TO DO: Output the lines of the records below exactly, beginning at their first line and ending at the line with "VENTA CASA 190"; include no pictures.

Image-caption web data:
++++
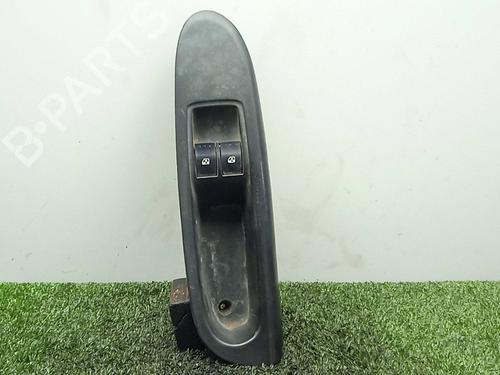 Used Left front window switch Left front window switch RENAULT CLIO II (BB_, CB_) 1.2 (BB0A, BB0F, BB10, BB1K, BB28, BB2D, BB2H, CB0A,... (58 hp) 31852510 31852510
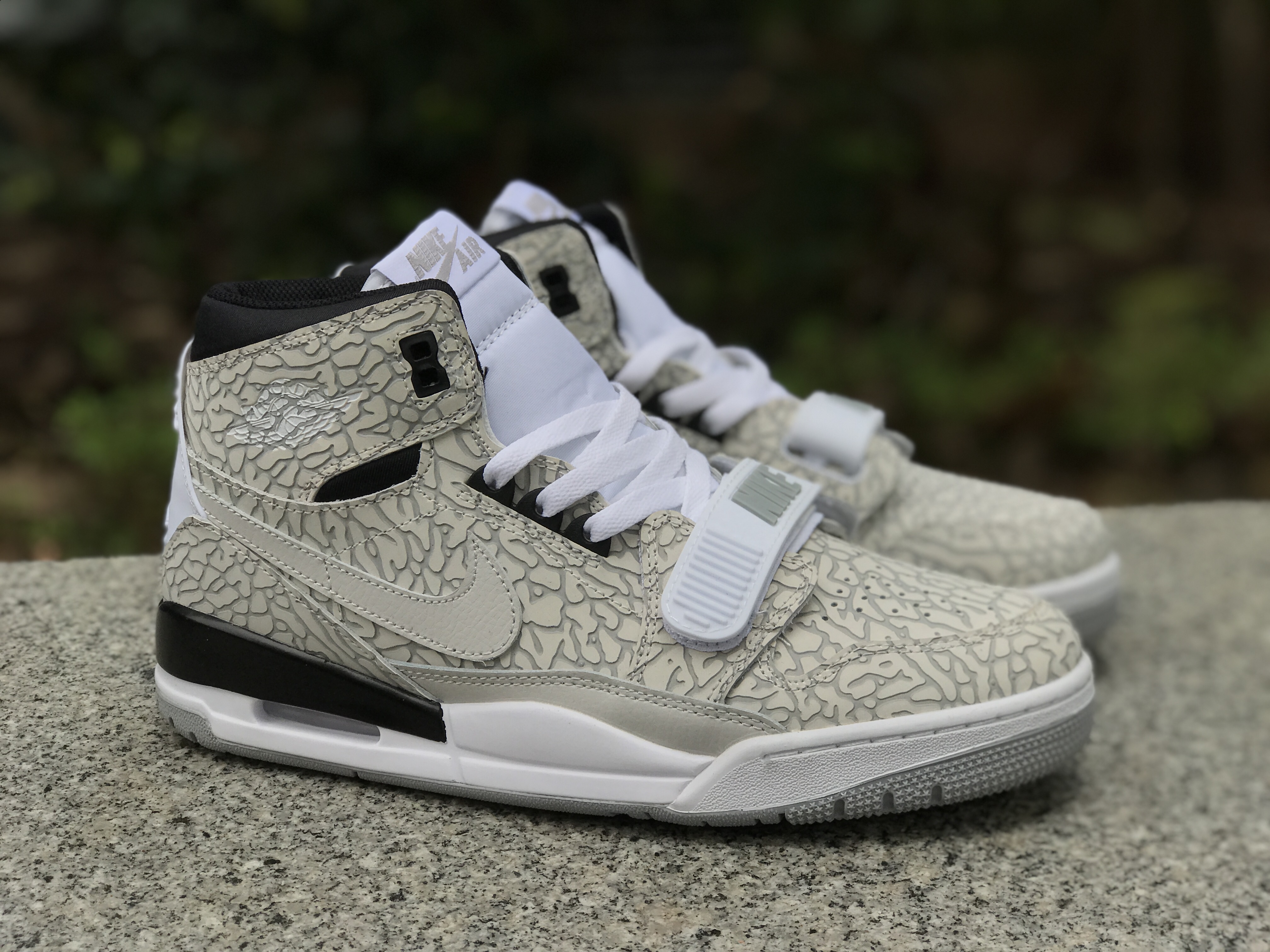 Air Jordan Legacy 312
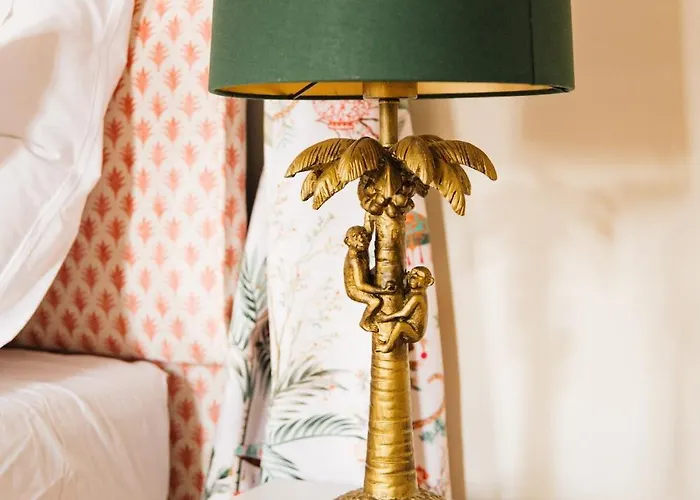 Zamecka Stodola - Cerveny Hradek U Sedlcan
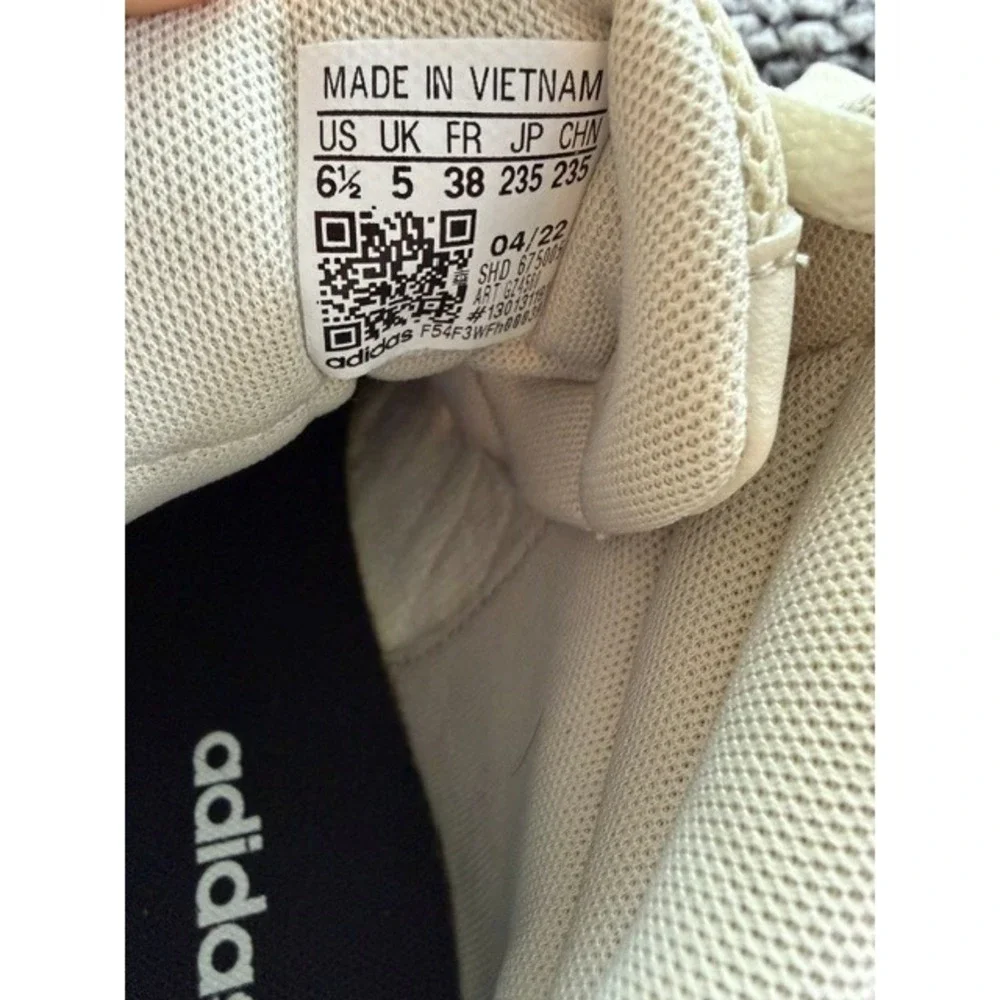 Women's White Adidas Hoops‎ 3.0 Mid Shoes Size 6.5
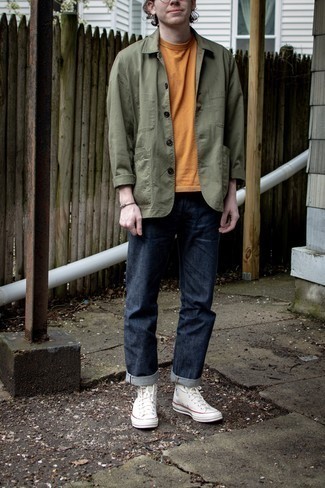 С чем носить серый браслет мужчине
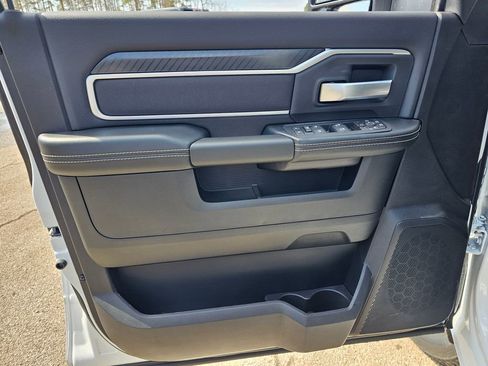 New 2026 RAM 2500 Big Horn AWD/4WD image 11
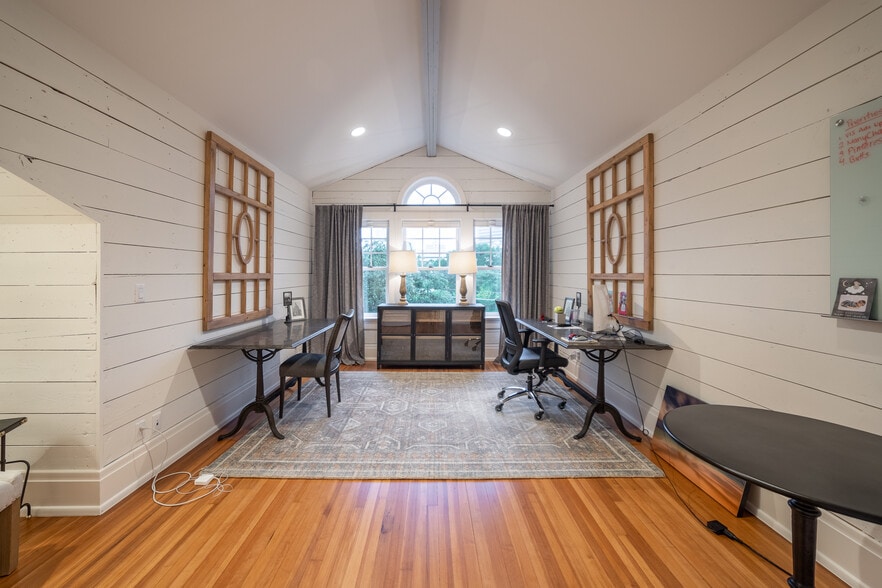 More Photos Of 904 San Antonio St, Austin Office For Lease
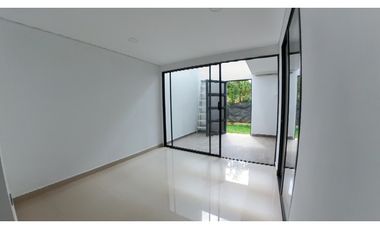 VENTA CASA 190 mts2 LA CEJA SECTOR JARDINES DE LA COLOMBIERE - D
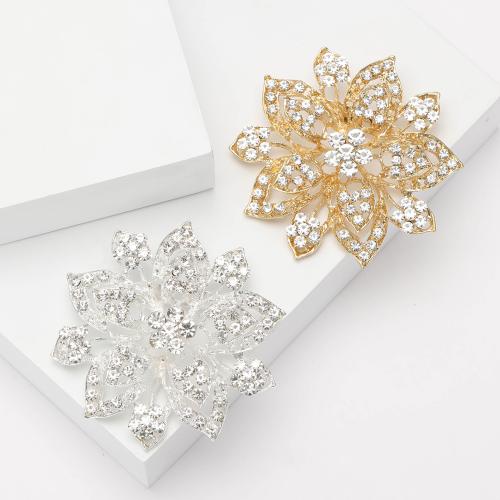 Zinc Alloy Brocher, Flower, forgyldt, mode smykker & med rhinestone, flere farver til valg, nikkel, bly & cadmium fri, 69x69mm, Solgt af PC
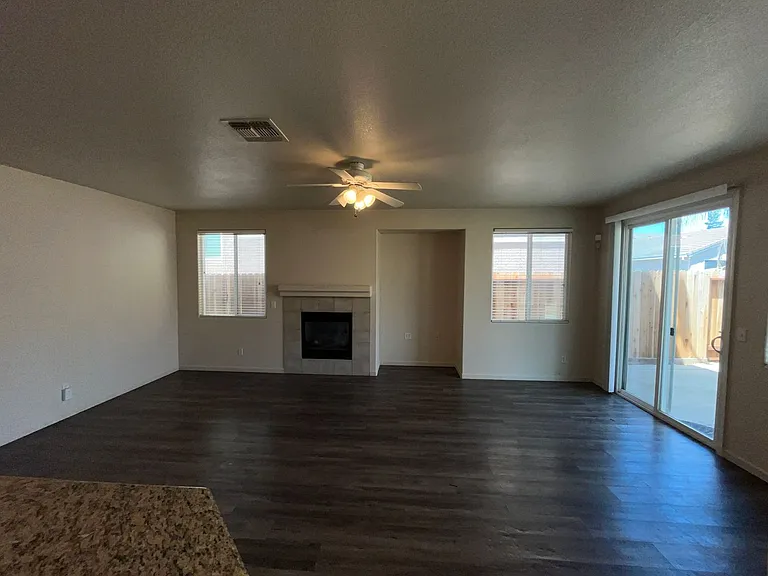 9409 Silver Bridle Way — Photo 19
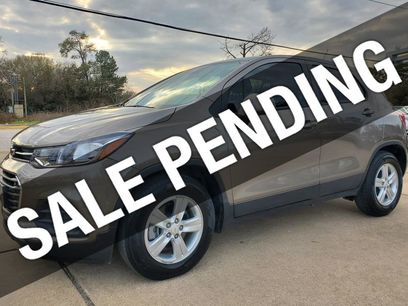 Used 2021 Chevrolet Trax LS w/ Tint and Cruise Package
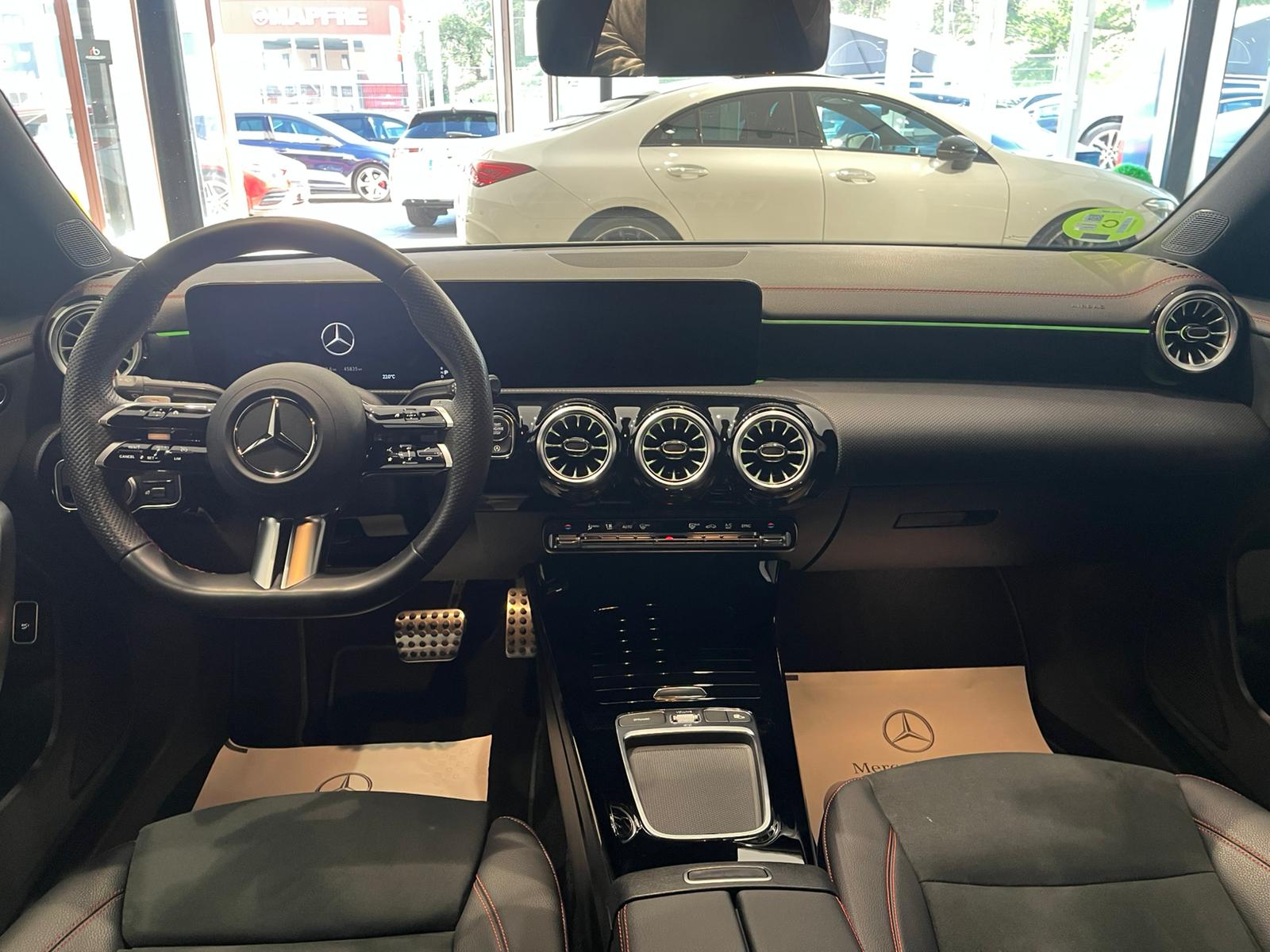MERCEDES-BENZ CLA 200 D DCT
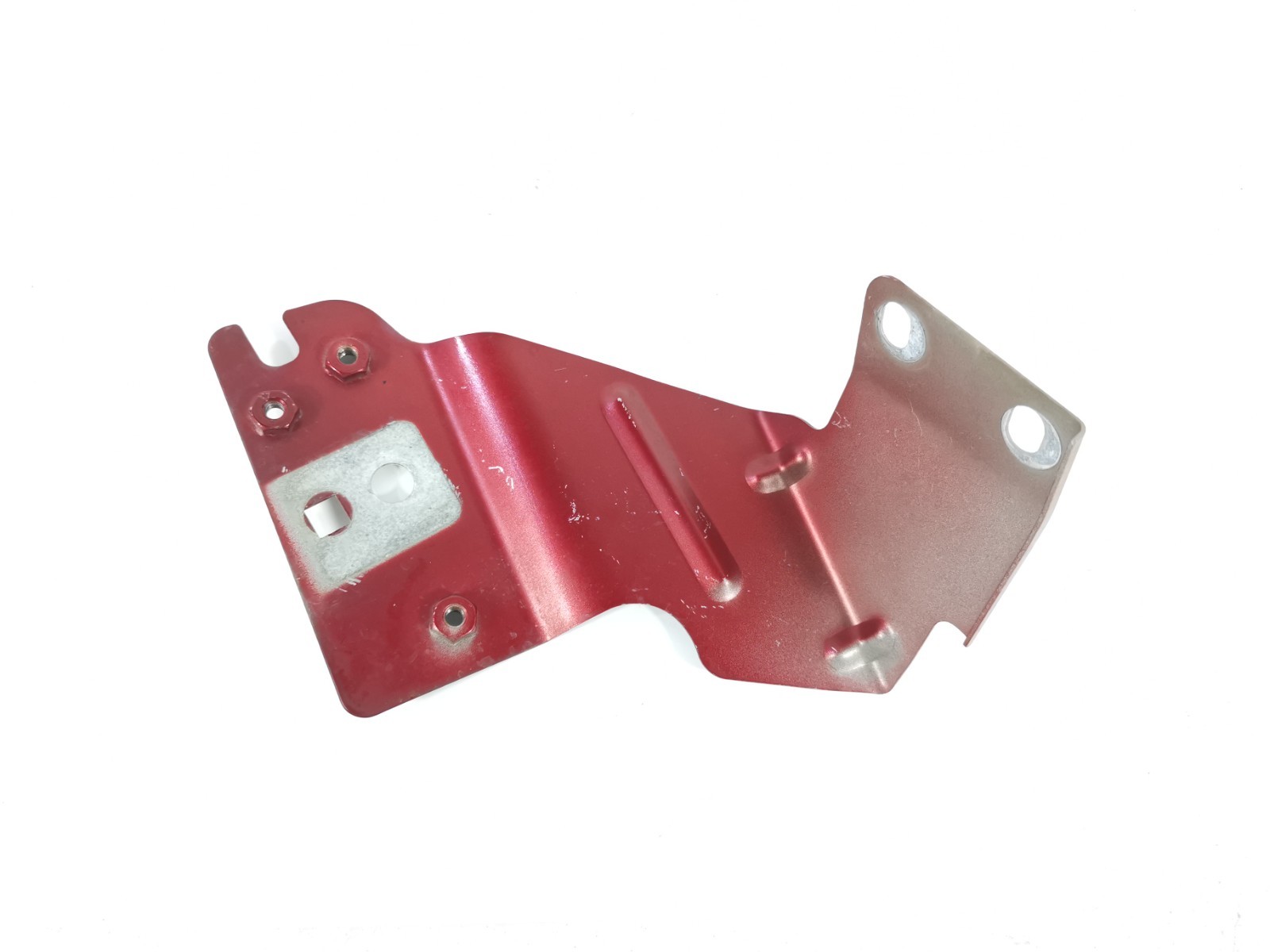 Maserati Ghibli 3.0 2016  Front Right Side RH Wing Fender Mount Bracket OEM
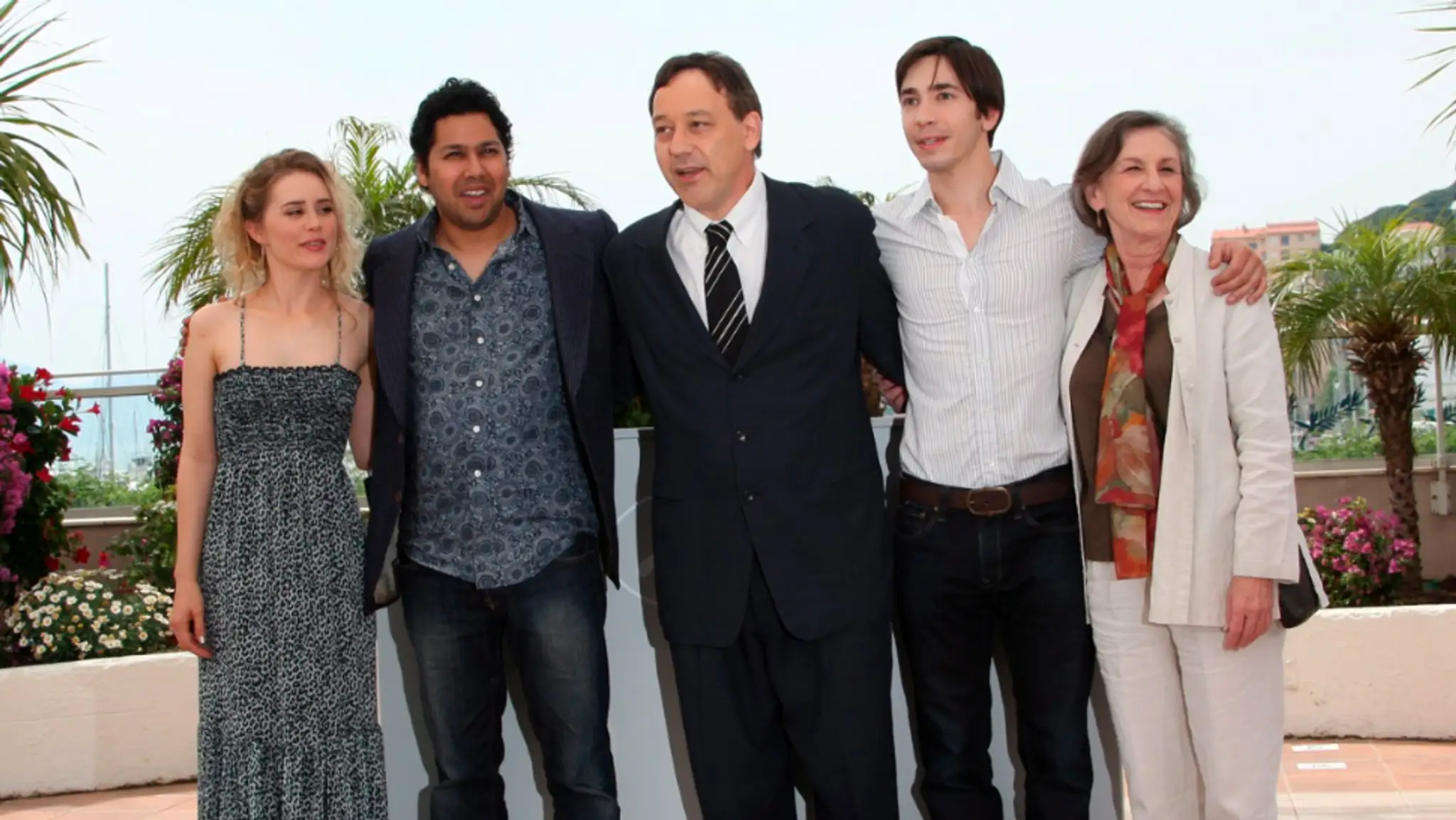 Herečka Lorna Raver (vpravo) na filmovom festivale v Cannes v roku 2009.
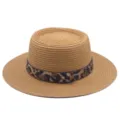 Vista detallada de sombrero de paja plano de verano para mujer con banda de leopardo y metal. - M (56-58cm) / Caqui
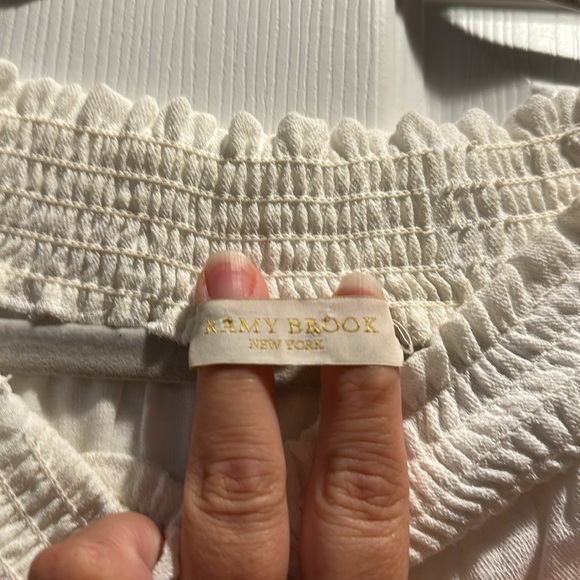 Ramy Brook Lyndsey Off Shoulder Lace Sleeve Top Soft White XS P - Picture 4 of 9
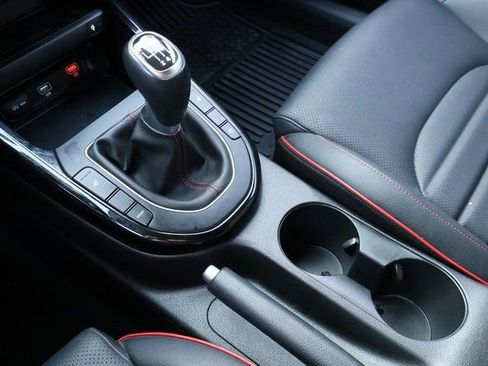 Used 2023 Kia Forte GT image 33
++++
PROBLEM SOLUTION:
 Used Left front window switch Left front window switch RENAULT CLIO II (BB_, CB_) 1.2 (BB0A, BB0F, BB10, BB1K, BB28, BB2D, BB2H, CB0A,... (58 hp) 31852510 31852510
 Air Jordan Legacy 312
 Zamecka Stodola - Cerveny Hradek U Sedlcan
 Women's White Adidas Hoops‎ 3.0 Mid Shoes Size 6.5
 С чем носить серый браслет мужчине
 New 2026 RAM 2500 Big Horn AWD/4WD image 11
 More Photos Of 904 San Antonio St, Austin Office For Lease
 VENTA CASA 190 mts2 LA CEJA SECTOR JARDINES DE LA COLOMBIERE - D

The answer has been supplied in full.